Si la nouvelle n’a surpris personne dans le milieu, elle a tout de même eu l’effet d’un électrochoc. Et pour cause : il y a à peine trois mois, les discours publics des dirigeants du groupe Épicure, en charge de ces établissements, laissaient entendre que tout allait pour le mieux.
En janvier 2025, Daphné Delarue, responsable d’exploitation des restaurants du groupe, se montrait confiante dans les colonnes de la presse : « Épicure a connu des rebondissements sur cette fin d’année 2024 et beaucoup de changements positifs pour ce début d’année 2025. » Des propos appuyés par Romain Papillon, directeur des opérations, qui affirmait alors : « Les chiffres 2024 ont été relativement bons […] on est très optimistes pour 2025. »
Un optimisme affiché… à contre-courant de la réalité
Face à la situation actuelle, difficile de ne pas s’interroger : ces déclarations étaient-elles sincères ou relèvent-elles de la communication de façade ? Car aujourd’hui, la réalité est tout autre. Et les chiffres, eux, ne mentent pas.
À y regarder de plus près, les signes avant-coureurs de difficultés financières étaient déjà bien présents. Nous avons pu consulter plusieurs courriels de relance envoyés par des fournisseurs, témoignant de retards de paiement récurrents de la part du groupe Épicure Investissement.

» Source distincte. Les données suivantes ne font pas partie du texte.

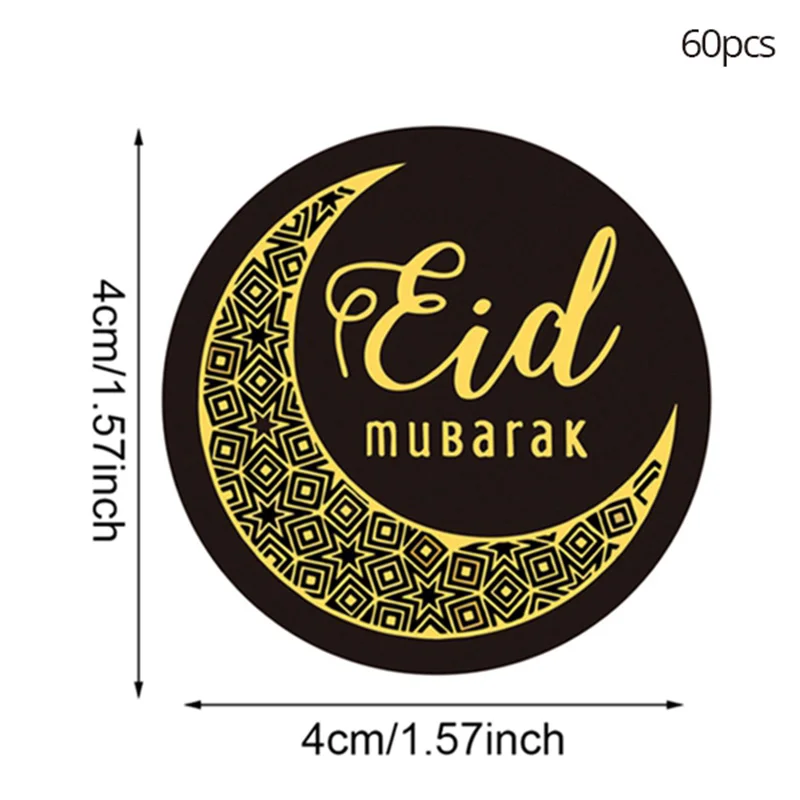 60pcs 100 шт Eid украшение Мубарак бумажный стикер, этикетка печать 4 см подарочный стикер исламское мусульманское украшение Мубарак Eid Al Adha поставки - Цвет: 60pcs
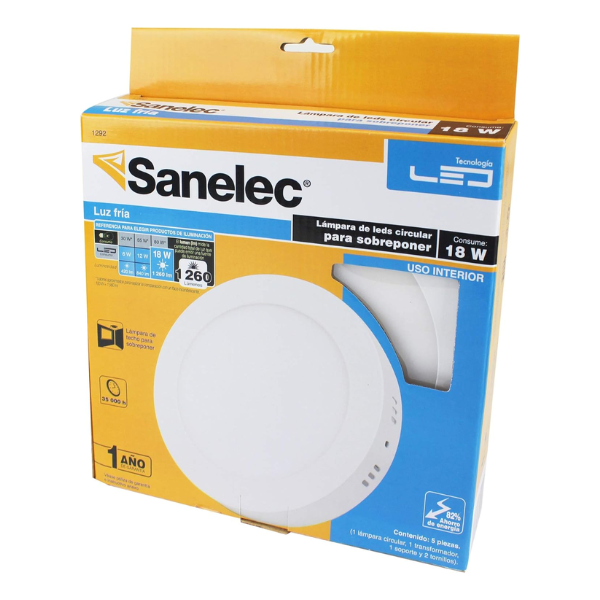 Lámpara circular sobreponer 18W Sanelec 1292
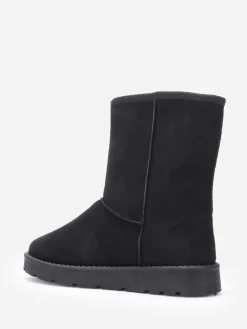 Clearance La Modeuse Boots en suédine fourrées Noir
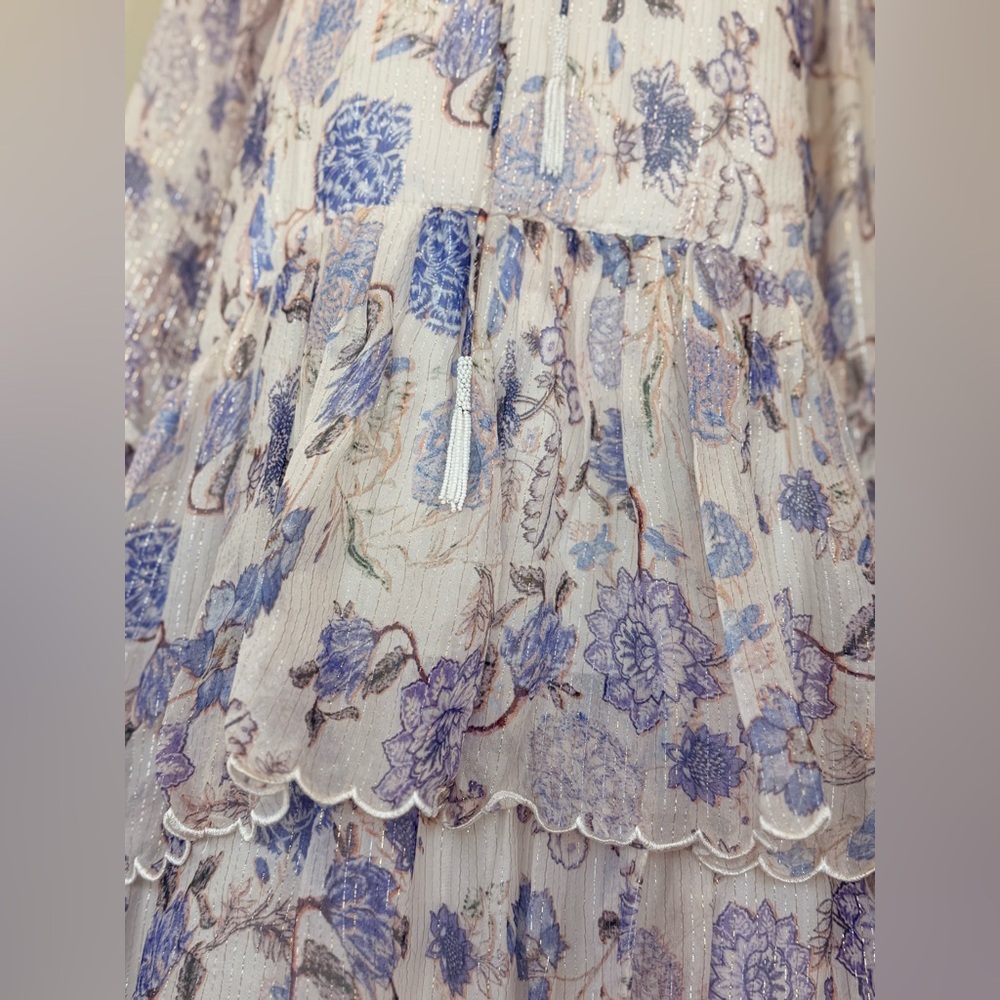 Floral Maxi Dress in Purple and Cream - Picture 6 of 15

L’un des plus récents, daté du 31 mars, concernait deux factures, référencées 20240638 et 20240639, émises le 15 juillet 2024. Le ton reste courtois, mais la lassitude transparaît : « Bonjour, sauf erreur de notre part, ces deux factures restent impayées dans notre comptabilité. Pourriez-vous y regarder ? Merci d’avance, bien à vous. » Des factures en souffrance depuis près de neuf mois… difficile de parler ici d’un simple oubli.
Mais ce n’est pas un cas isolé. Un autre mail, plus ancien, montre que ce type de situation s’inscrit dans la durée. Le 22 juillet 2022, un fournisseur relançait Épicure pour une facture numérotée 2200326, datée du 15 avril 2022, d’un montant de 6 132,96 euros. Cette fois, le message était plus direct : « Madame, sauf erreur ou omission de notre part, le paiement de la facture n°2200326 datée du 15/04/2022 pour un montant de 6 132.96 euros, et arrivée à échéance, ne nous est pas parvenu. Nous vous prions de bien vouloir procéder à son règlement dans les meilleurs délais. »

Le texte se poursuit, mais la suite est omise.